**Task**
Report how many lines of the records below include the word "Vibrant". Give nothing but the number.

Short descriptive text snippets

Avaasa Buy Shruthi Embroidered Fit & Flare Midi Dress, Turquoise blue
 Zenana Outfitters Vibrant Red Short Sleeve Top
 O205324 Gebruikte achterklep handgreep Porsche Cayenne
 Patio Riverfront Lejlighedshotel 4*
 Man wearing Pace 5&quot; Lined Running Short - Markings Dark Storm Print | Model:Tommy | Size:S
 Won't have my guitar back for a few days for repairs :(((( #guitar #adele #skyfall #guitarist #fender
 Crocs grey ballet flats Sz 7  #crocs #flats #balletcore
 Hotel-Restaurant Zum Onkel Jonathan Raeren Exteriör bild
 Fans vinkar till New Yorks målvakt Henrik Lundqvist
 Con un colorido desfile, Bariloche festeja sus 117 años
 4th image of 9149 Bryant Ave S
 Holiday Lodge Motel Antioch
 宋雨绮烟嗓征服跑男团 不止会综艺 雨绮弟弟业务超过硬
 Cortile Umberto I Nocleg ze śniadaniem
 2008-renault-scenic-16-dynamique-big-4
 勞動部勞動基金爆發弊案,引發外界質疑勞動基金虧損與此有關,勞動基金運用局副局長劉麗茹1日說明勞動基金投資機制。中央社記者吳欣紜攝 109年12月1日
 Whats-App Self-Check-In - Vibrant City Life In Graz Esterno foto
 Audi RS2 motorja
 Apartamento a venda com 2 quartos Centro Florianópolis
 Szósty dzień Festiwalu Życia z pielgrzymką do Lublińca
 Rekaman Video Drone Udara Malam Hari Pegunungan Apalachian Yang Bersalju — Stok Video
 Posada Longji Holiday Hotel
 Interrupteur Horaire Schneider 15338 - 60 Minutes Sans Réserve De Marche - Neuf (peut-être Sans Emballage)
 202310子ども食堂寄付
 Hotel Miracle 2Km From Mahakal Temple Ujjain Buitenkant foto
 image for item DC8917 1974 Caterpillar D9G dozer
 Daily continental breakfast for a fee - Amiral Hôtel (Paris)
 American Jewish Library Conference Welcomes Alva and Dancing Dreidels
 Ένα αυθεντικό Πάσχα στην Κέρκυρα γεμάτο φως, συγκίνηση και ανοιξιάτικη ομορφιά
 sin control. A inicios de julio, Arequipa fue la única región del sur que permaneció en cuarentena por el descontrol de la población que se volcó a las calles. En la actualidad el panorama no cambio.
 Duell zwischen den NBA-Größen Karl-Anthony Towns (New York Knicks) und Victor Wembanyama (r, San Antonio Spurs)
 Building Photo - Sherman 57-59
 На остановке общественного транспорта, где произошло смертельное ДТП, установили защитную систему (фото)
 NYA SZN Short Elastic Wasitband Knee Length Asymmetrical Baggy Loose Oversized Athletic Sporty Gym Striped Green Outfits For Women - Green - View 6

**Result below**
2